# CrazyBike2 Electric-Assist Recumbent Bicycle From Recycled Parts



## Amberwolf (May 29, 2009)

Now, this won't be a complete build thread, since I started the project a while before I found this site. Instead, I'll refer you to my original project blog at http://electricle.blogspot.com for the older stuff, and give highlights here for new things from here on out, with links to the relevant posts on the blog.

First up is a description of the thing, which is viewable in an older form on EVAlbum, at http://evalbum.com/2691

It's made from a couple of bicycle frames; one a 20" Magna kids bike, and the other a 26" (maybe 700C or 27", not sure) Schwinn 10-speed adult bike. Had to do this to make it long enough to put the seat back a ways without being over the rear wheel, and still be able to keep the low-mounted crankshaft/pedals so I'm not sitting feet-up-forward, but rather am sitting more like in a relaxed lawn-chair sort of position. 

The seat looks like a lawn chair, but is made from a bedside potty's frame rewelded into a useful shape and covered in a mesh laced tightly across it for extra suspension. 

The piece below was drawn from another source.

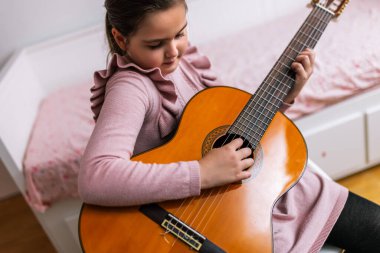 Mutlu küçük kız pembe odasında gitar çalıyor..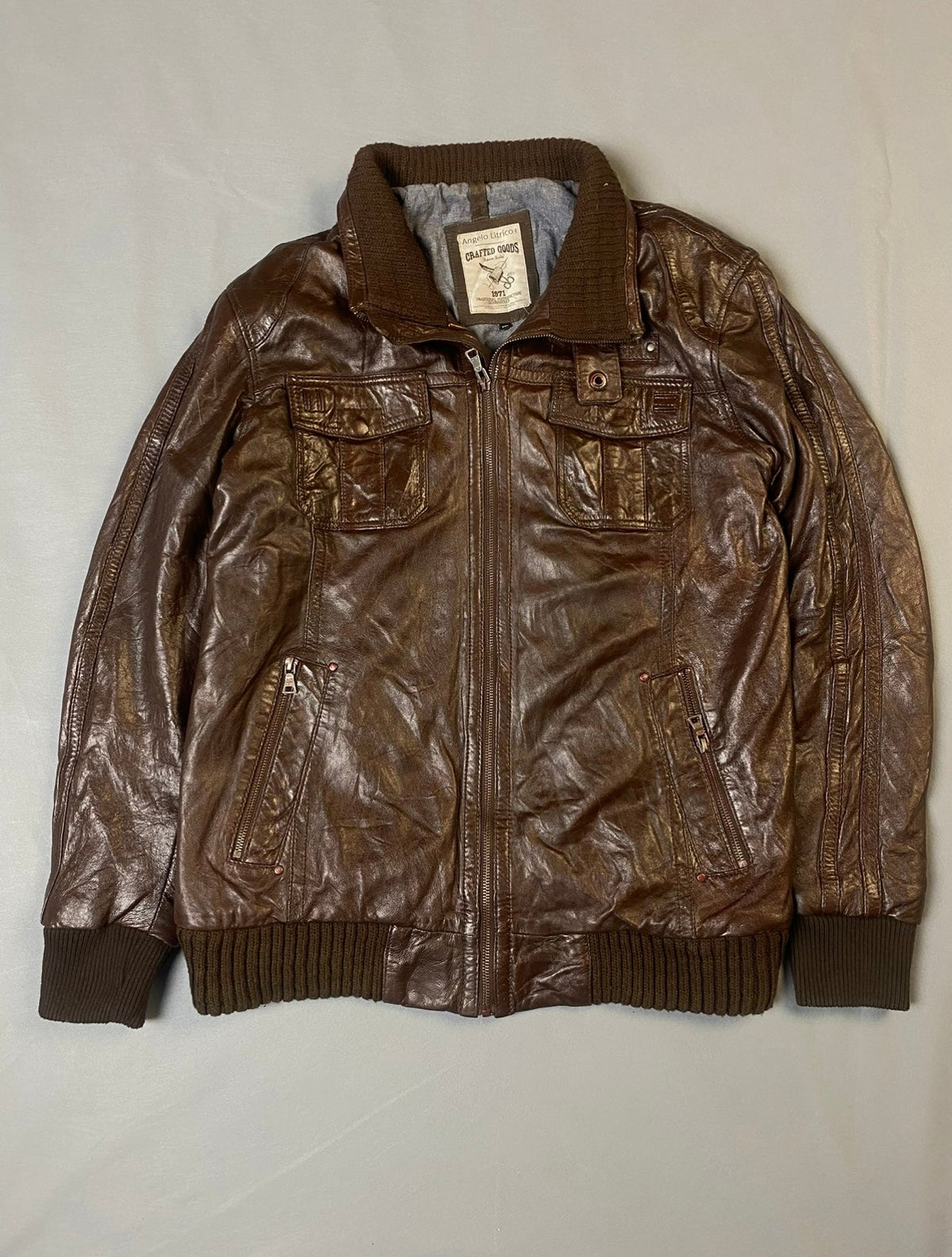Brown leather bomber jacket with chest flap pockets, ribbed collar, cuffs and hem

There is a front shock fork from a 24" Roadmaster bike, but no rear suspension, except for the seat. That alone is sufficient for most situations, and gives a much better ride than even the saddle with shock-absorbing spring-loaded seatpost on my Columbia upright road-bike. 

Handlebars are downturned for better comfort, but are cruiser-style bars from some old postal Schwinn bike (from the 60s, I think, possibly very early 70s). On them I have a rearview mirror on the left side, a PDA running VeloAce for my speedometer/etc, and the usual brake handles, shifters, etc. 

There is a dual-stage chain drive, with a complete regular rear bike drivetrain on the Schwinn frame (14 speed now, intended to be 21 speed if I can find another triple-chainring for the front). That rear drivetrain is on the right side as usual, with front and rear derailers. There are no pedals on the front end of that drivetrain, though, and instead the power input is on the left side of that crankshaft.

On the left side, there is a triple chainring minus pedal and crank that receives the chains from both the actual pedal chainring (on the Magna's bottom bracket) and the motor's chainring (mounted between and behind/below the pedals, where the rear wheel would be on the Magna). 

The 24-tooth chainring (granny ring) of the left triple receives the power from the 24-tooth chainring bolted to the former wheel-mount on the powerchair motor's gearbox, which gives about 120RPM at max speed. That's faster than I'd prefer (90-100RPM) but I didn't have a smaller chainring that would fit on the motor's wheelmount without seriously modifying that mount. The motor itself is from a powerchair, with it's gearbox being designed to directly drive a small (10"?) wheel on one side of the powerchair, with an identical mirrored setup on the other side of the chair. I'm guessing it's around a 350W motor, but there are no specs on it (it's from Invacare) other than it's no-load speed (120RPM) and voltage (24VDC) and current (3.6A). 

The 44-tooth (high gear) chainring of the left triple recieves the powre from the 44-tooth single chainring of the pedal cranks. There's no freewheel on either motor or pedals, so if I pedal I am driving the motor, and if I run the motor I drive the pedals, but I had no way to integrate freewheels into this design with the parts I had laying around. I did have freewheels on a prior version, which would have been driven by a treadmill motor, but that wasn't adaptable to this new motor setup, and wasn't capable of handling the power I needed it to, anyway.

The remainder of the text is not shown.